Outbuildings and Garages

• Long-distance feeds are common when powering detached structures. Aluminum URD is often chosen here because it balances cost and distance. A run of 150–300 feet may require large copper conductors, but aluminium URD provides a more economical option without sacrificing safety if upsized properly.

Wells and Pumps

• Motor loads like well pumps are extremely sensitive to voltage drop. Even a slight undervoltage can cause a pump motor to overheat, trip breakers, or fail prematurely. For this reason, copper conductors are used because they are more reliable, especially if the pump is more than 100 feet from the service panel.

Subpanels

• When feeding a subpanel in another building, a balanced 240 V load is ideal. For example, a workshop subpanel supplying both 120 V and 240 V circuits distributes the current evenly across both legs. This allows the run to extend much farther without needing oversized wire.
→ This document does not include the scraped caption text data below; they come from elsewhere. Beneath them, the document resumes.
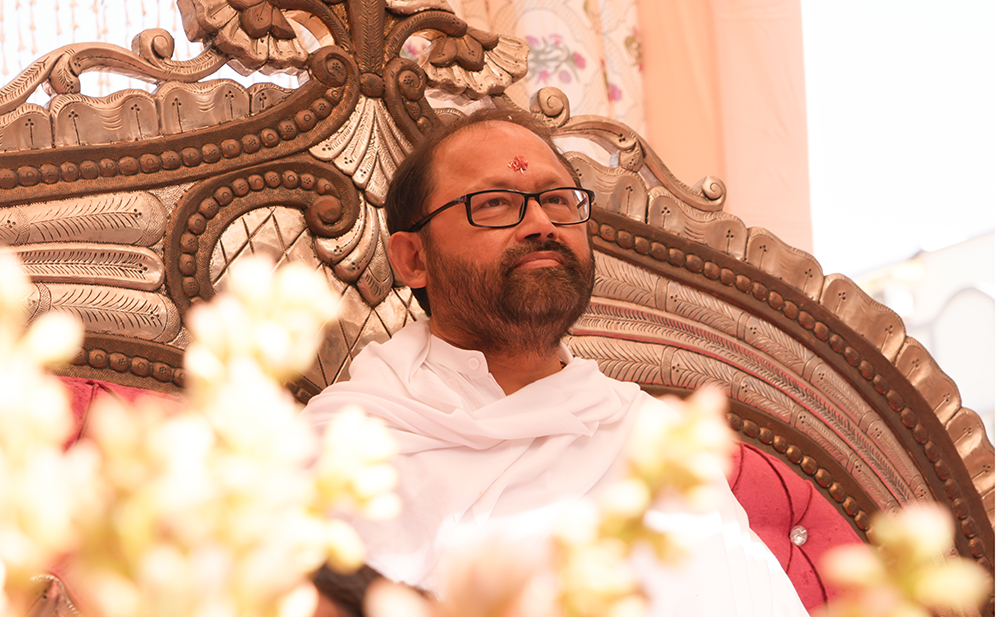 Weekdays with Pujya Gurudevshri
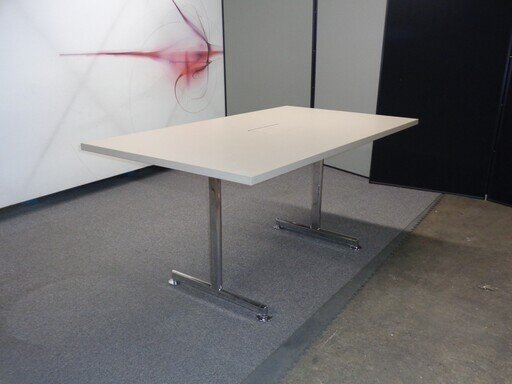 1600 x 900mm Brunner Meeting Table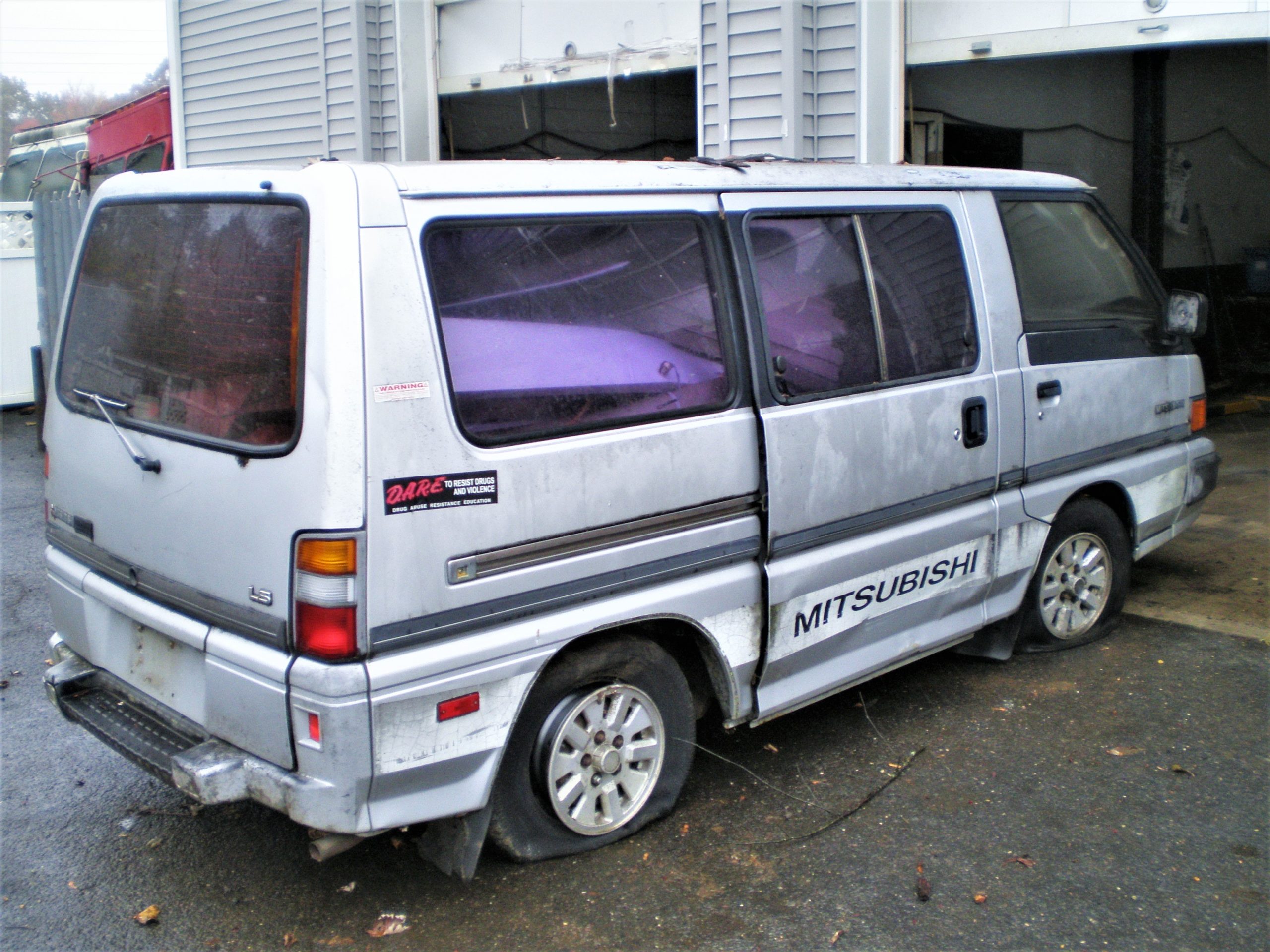 Parting Out 1989 Mitsubishi Wagon Van L-65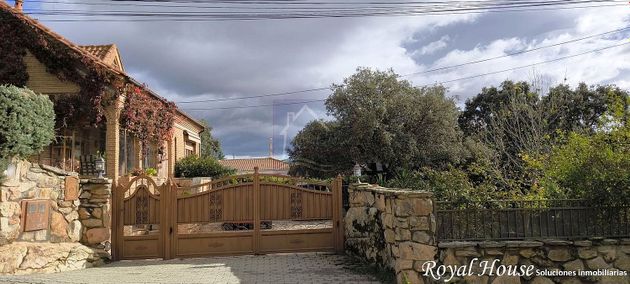 Foto 2 de Xalet en venda a Las Zorreras - Monte Encinar de 4 habitacions amb terrassa i garatge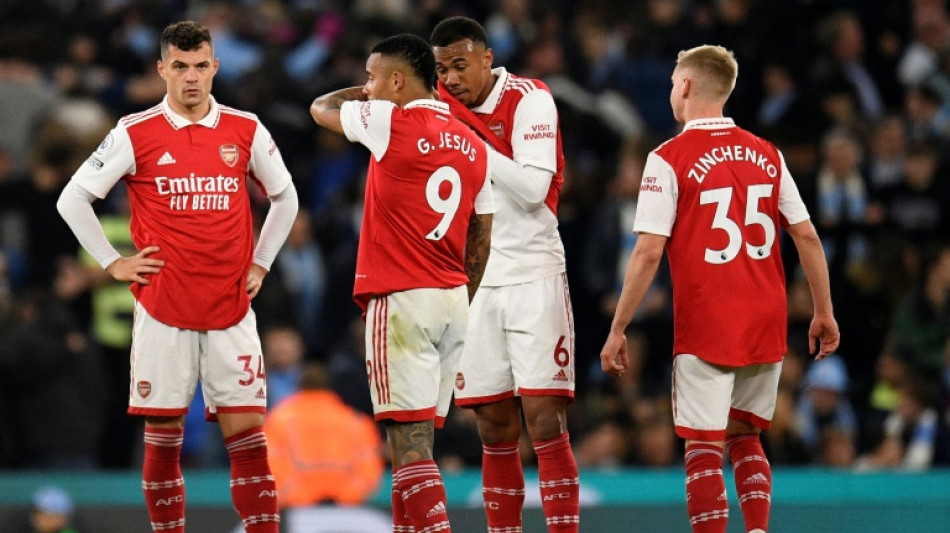 Arsenal encara Brighton para manter perseguição ao City no Inglês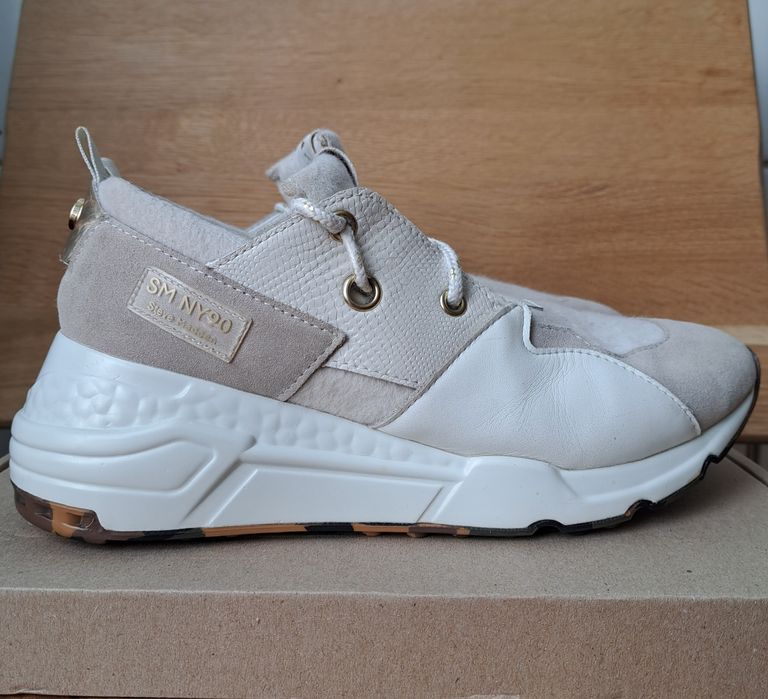 Стильні кросівки р39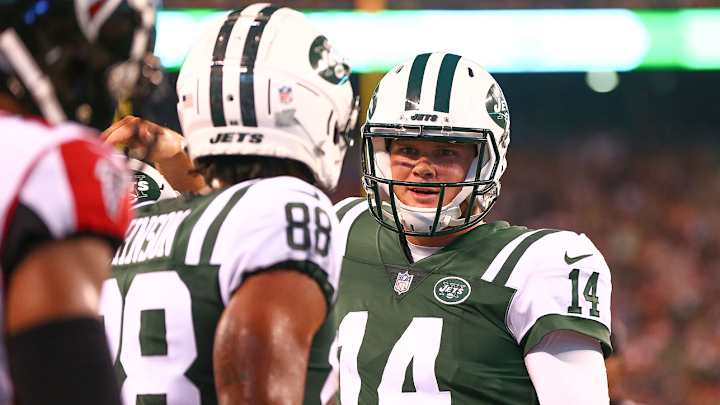Jets QB Sam Darnold Displays Speedy Release in Preseason Debut Jets QB Sam Darnold Displays Speedy Release in Preseason Debut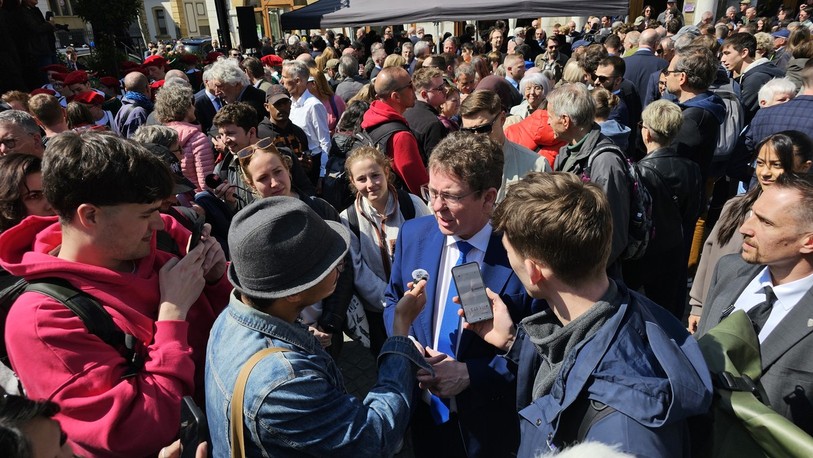 Le conseiller fédéral Albert Rösti a lui aussi pris un bain de foule sur la place des Halles à Neuchâtel.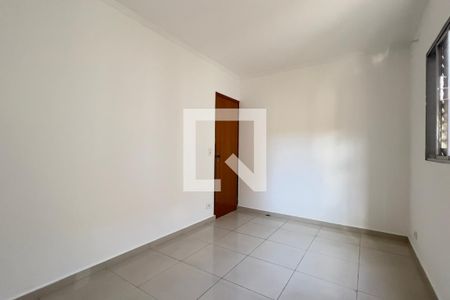 Quarto 2 de apartamento à venda com 2 quartos, 60m² em Jardim Cocaia, Guarulhos
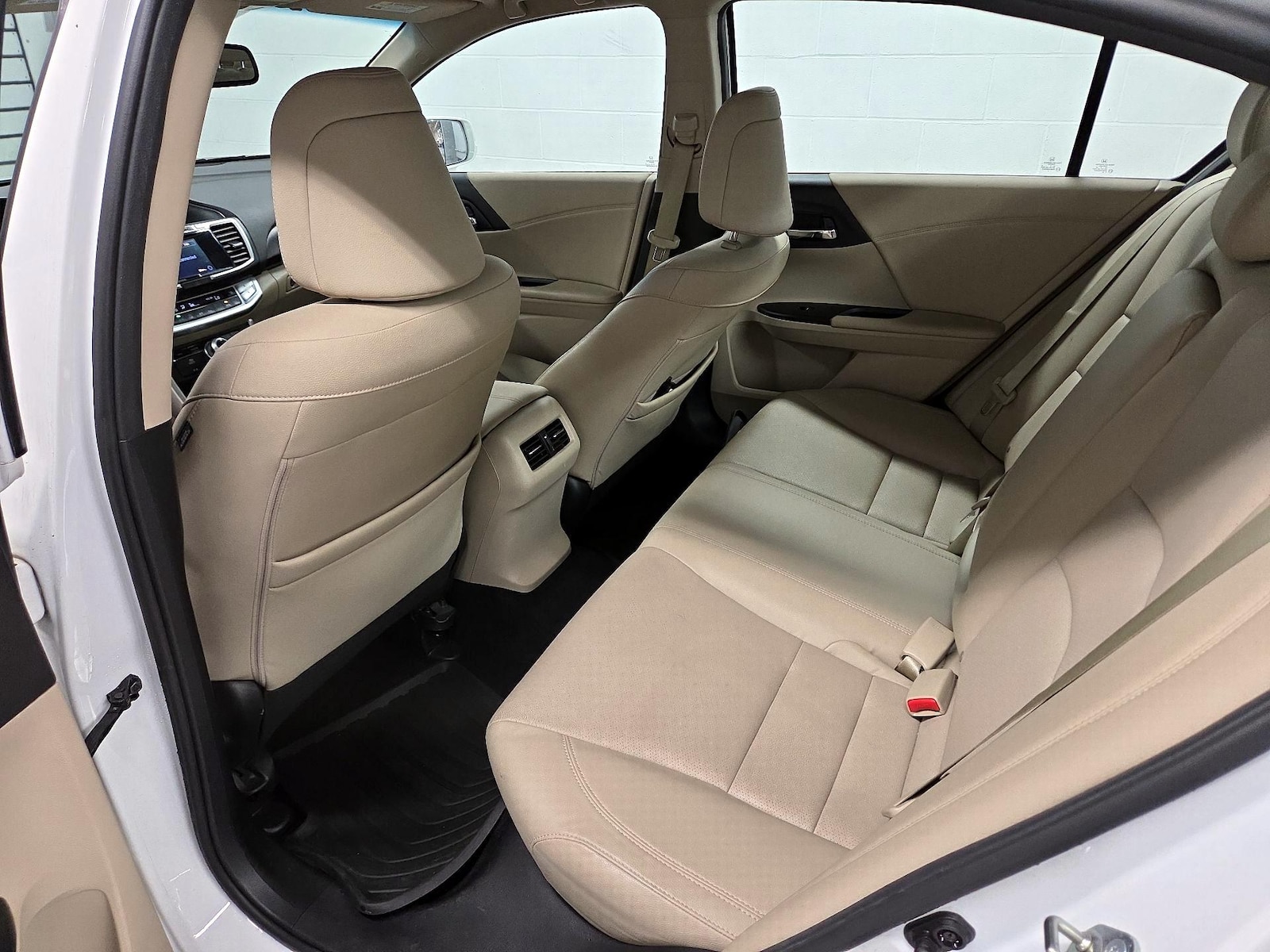 2015 Honda Accord Touring - Photo 20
THWN-2 or XHHW-2 copper and aluminum URD are common for subpanels.

Heavy Loads (HVAC, EV Chargers)

• Equipment like air conditioners, heat pumps, and EV chargers draw large continuous loads. The feeders for heavy loads like HVAC units and EV chargers are often laid underground. These setups have larger conductors, not just for ampacity but also to minimise voltage drop. Oversizing the wire ensures the unit starts and runs correctly, especially for compressors or chargers sensitive to undervoltage.

Copper vs. Aluminum: Which Should You Choose?

• Copper: Best for short runs, high-demand equipment, or where space in conduit is limited. Copper is the only option for small branch circuits, UF-B direct burial, and sensitive motor loads like pumps.

• Aluminum: Best for cost savings on long feeder runs, provided the correct upsizing and termination practices are followed. Aluminium is a worse option for maintaining voltage drop, but it can be used if the cost is a concern.

Conclusion

Underground wiring demands more careful sizing than standard indoor circuits. The chart above provides a practical guide to balancing load, distance, and copper/aluminium.